2/ Concernant le fitness cost, il n'implique pas fornément une forme de toxicité du trait introduit. Disons qu'il peut ne pas conférer un avantage. Le principal risque n'est pas par rapport à la plante de culture elle-même mais en cas de croisement avec une plante apparentée sauvage. C'est la raison pour laquelle les betteraves résistantes au glyphosate n'ont pas été autorisée en Europe à la culture (à vérifier cependant, c'est une info que j'ai en tête et qui date un peu). Une mauvase herbe qui acquièrerait le transgène par croisement aurait un avantage sélectif lors de la pulvérisation de glyphosate (mais n'en aurait pas sans traitement).
Les plantes de cultures n'ont aucune chance d'être envahissantes, quelque soit le caractère introduit. Elles ont été tellement modifiées par l'homme au fil des siècles qu'elles seraient incapables de survivre plus de quelques générations hors de champs cultivés. Elles ne sont plus du tout adaptées aux conditions "sauvages".
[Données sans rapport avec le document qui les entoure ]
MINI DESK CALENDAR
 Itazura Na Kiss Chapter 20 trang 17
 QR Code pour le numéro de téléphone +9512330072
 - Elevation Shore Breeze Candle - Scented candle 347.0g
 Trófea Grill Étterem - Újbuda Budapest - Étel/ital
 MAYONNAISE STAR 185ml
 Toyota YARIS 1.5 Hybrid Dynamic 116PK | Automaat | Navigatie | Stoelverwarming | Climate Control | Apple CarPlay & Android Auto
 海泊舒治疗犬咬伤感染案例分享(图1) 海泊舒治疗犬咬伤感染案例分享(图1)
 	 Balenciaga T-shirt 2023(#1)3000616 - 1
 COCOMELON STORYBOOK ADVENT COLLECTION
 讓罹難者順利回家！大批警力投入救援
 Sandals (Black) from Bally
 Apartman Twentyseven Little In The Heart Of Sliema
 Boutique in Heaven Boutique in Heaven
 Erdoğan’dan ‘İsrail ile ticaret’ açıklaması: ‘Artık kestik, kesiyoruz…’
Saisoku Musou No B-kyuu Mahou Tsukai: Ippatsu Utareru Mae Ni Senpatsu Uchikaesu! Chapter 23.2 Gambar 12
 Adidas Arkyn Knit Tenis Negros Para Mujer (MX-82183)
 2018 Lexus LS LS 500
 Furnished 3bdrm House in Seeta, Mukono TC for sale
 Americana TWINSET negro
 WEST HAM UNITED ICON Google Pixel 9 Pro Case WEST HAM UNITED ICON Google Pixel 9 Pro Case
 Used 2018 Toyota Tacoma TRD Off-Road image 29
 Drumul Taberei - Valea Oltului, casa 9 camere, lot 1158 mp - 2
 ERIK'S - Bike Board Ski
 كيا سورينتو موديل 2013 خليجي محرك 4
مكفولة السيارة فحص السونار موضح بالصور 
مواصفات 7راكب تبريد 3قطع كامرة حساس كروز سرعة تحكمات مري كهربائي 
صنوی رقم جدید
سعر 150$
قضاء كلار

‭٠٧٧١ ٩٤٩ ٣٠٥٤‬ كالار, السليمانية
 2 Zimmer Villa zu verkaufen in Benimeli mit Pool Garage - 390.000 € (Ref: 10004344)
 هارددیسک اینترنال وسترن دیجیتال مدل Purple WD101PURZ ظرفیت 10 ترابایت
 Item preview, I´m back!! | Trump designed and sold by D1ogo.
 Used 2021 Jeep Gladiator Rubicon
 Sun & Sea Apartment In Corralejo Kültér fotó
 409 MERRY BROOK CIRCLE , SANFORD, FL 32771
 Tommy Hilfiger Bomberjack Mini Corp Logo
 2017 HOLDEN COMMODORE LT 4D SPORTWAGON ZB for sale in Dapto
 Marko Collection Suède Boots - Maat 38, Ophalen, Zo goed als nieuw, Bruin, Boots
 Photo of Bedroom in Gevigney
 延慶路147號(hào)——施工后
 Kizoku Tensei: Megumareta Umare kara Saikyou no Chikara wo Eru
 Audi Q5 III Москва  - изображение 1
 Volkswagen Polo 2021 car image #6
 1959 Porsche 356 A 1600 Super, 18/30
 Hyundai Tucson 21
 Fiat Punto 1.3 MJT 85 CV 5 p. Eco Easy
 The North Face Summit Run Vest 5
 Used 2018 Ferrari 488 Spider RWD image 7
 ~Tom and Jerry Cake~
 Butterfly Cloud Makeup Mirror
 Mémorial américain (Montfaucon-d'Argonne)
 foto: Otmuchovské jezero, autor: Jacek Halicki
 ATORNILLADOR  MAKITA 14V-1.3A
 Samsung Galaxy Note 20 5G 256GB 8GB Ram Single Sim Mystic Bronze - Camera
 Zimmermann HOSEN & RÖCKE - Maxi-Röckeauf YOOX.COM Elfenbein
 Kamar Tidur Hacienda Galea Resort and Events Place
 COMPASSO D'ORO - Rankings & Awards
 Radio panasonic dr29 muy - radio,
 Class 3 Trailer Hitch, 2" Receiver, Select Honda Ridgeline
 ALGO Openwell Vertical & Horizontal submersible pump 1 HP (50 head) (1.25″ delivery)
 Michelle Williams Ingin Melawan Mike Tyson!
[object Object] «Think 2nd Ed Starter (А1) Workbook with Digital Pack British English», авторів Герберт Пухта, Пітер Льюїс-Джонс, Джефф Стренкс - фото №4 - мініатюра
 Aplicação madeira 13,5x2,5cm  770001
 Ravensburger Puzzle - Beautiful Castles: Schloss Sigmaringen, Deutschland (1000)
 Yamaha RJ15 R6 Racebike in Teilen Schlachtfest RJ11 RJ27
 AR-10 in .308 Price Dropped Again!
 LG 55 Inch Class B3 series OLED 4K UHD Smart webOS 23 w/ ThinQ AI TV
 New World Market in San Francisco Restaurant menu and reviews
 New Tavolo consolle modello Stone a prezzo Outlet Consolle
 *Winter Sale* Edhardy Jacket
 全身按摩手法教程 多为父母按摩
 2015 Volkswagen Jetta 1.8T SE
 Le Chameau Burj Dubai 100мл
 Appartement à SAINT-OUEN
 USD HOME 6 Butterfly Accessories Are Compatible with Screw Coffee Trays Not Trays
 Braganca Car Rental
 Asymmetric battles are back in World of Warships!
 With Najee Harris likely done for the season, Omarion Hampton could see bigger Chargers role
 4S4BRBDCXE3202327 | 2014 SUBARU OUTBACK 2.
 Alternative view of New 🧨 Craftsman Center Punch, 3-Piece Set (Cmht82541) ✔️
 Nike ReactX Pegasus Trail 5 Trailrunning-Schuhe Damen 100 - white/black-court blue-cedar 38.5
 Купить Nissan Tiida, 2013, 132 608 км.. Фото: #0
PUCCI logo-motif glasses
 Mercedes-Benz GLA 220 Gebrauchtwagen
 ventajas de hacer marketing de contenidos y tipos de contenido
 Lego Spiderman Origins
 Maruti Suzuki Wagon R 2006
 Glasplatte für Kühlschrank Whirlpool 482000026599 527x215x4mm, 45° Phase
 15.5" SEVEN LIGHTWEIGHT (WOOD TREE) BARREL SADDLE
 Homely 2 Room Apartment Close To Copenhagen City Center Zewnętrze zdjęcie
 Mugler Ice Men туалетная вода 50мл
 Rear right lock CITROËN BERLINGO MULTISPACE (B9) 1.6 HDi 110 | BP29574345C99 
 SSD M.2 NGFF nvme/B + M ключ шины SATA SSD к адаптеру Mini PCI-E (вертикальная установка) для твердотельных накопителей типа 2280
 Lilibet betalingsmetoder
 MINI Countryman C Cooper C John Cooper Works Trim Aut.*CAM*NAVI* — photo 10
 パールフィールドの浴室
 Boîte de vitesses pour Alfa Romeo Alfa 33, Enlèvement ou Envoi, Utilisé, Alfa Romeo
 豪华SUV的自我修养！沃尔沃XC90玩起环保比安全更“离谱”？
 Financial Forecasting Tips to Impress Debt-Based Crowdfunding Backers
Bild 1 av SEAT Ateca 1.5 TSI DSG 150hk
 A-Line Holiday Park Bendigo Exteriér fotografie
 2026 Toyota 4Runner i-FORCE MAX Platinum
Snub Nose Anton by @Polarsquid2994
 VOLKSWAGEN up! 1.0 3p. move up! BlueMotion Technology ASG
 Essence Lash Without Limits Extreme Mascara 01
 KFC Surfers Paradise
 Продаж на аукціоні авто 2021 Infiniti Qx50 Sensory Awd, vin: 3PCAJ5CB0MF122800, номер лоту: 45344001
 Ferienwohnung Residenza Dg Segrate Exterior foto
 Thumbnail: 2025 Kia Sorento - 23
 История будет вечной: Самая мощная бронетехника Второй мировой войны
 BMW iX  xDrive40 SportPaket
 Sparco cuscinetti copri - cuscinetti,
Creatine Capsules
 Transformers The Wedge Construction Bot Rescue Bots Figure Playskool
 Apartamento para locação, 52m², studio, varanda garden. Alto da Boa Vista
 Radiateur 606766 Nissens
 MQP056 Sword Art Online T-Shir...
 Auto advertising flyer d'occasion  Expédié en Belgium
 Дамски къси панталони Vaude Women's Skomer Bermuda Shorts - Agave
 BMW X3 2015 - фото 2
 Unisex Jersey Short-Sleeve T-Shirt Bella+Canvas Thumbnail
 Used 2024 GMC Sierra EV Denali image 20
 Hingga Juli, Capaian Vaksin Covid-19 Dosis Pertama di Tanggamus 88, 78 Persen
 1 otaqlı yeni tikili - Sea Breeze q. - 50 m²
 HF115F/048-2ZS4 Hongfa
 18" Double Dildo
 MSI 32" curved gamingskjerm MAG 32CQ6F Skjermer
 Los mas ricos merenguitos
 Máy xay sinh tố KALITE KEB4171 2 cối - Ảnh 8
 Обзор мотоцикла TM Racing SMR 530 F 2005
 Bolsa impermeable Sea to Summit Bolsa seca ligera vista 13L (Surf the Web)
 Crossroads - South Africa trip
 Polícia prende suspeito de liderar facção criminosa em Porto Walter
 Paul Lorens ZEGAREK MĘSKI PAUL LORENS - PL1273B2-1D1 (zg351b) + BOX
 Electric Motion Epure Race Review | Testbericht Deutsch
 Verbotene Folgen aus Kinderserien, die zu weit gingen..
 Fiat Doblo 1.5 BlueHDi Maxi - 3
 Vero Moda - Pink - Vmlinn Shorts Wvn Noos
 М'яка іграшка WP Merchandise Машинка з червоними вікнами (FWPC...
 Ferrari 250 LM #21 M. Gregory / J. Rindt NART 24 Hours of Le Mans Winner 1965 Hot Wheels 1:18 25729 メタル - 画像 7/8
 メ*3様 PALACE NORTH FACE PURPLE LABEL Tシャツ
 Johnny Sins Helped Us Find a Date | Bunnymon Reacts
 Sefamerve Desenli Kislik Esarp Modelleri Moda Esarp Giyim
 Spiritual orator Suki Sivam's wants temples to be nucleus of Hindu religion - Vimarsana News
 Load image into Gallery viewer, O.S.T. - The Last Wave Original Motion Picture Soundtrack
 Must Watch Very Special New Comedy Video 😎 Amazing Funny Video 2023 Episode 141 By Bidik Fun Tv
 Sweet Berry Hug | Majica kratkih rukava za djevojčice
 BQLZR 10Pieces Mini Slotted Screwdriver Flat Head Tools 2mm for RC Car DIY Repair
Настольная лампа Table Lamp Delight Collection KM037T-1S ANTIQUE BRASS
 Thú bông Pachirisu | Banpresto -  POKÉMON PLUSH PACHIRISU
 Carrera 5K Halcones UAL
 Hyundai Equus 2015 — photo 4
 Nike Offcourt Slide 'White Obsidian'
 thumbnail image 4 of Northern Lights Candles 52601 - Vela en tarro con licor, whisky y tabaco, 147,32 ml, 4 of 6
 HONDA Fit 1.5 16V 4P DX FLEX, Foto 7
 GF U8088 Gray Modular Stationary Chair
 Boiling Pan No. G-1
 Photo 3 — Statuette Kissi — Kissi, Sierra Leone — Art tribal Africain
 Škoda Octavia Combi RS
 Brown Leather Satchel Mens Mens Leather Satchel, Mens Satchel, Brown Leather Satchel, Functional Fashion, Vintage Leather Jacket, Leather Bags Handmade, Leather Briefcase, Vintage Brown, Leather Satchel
3/ Sur l'accumulation de substances dans les plantes GM celles-ci doivent être évaluées au cas par cas. Le glyphosate est moins toxique que du sel de cuisine. Les publications récentes (de piètre qualité) par les anti-OGM du criigen ne remettent pas en cause ce point (et je ne travaille pas pour monsanto, je rappele des faits).

4/ Le principal risque d'une plante résistante à un herbicide (du type "roundup ready") est d'abuser de cet herbicide. Non pas en terme de quantité car l'agriculteur ne pulvérisera pas plus que ce qui est nécessaire (chaque traitement à un cout qui entame les bénéfices) mais en terme de risques liés à la non-rotation des molécules utilisées. Ne pas faire de rotation de molécules favorisera le développement de résistances chez les adventices et donc risque de rendre inutile l'herbicide en question. C'est un risque non-négligeable auquel est actuellement confronté un certain nombre d'agriculteurs aux USA et en Argentine.

à suivre...

GFP a dit…

(suite...)

5/ Sur la brevetabilité je suis partiellement d'accord avec vous. Le brevet a du bon. Il permet de protéger les découvertes et de favoriser l'investissement. Sans brevet, pas d'innovation. Je suis d'accord sur le fait que le brevet sur des gènes ne devrait pas être autorisé. Le Brevet sur BRCA1 a d'ailleurs été invalidé en mars dernier par une cour de justice américaine. Ils ont estimé qu'il n'y avait pas de nouveauté permettant de justifier le brevet. C'est une bonne chose. Breveter un gène est un peu trop facile. Par contre il devrait être autorisé de breveter un outil développé à partir d'un gène, un peu comme le trait RR ou les traits introduits dans les plantes Bt. Il y a dans ce cas utilisation du gène pour en faire quelque chose de neuf et d'utile. Breveter le gène freine l'innovation car les labos n'ont donc plus autorisation de développer des outils à partir des gènes brevetés sans payer de droits. Je suis d'accord là-dessus.

6/ Tout comme vous je ne vois pas dans la transgènse "la panacée". C'est un outil formidable mais ça s'arrête là. Certains OGM (de cultures) amèneront sûrement de grand bienfaits (notamment des plantes capables de mieux assimiler l'azote) mais les techniques de sélections classiques ont aussi leur mot à dire.

7/ Si la population refuse autant cette technologie c'est parce que depuis 15 ans seuls les antis ont un accès exclusif aux médias où ils peuvent répéter ad nauseum les mêmes âneries apocalyptiques. A force d'entendre les mêmes mensonges en boucle les citoyens finissent par croire que ce sont des vérités. Ceci dit si l'on consulte l'Eurobaromêtre 2005, l'opposition radicale n'est pas aussi élevée que ce que l'on a l'habitude d'entendre. Seuls 30 à 35% des Européens sont fermement opposés aux OGM.
L'étiquetage d'aliments préparés avec des OGM est obligatoire en Europe si leur présence dépasse les 0,9%. Le consommateur a donc le choix.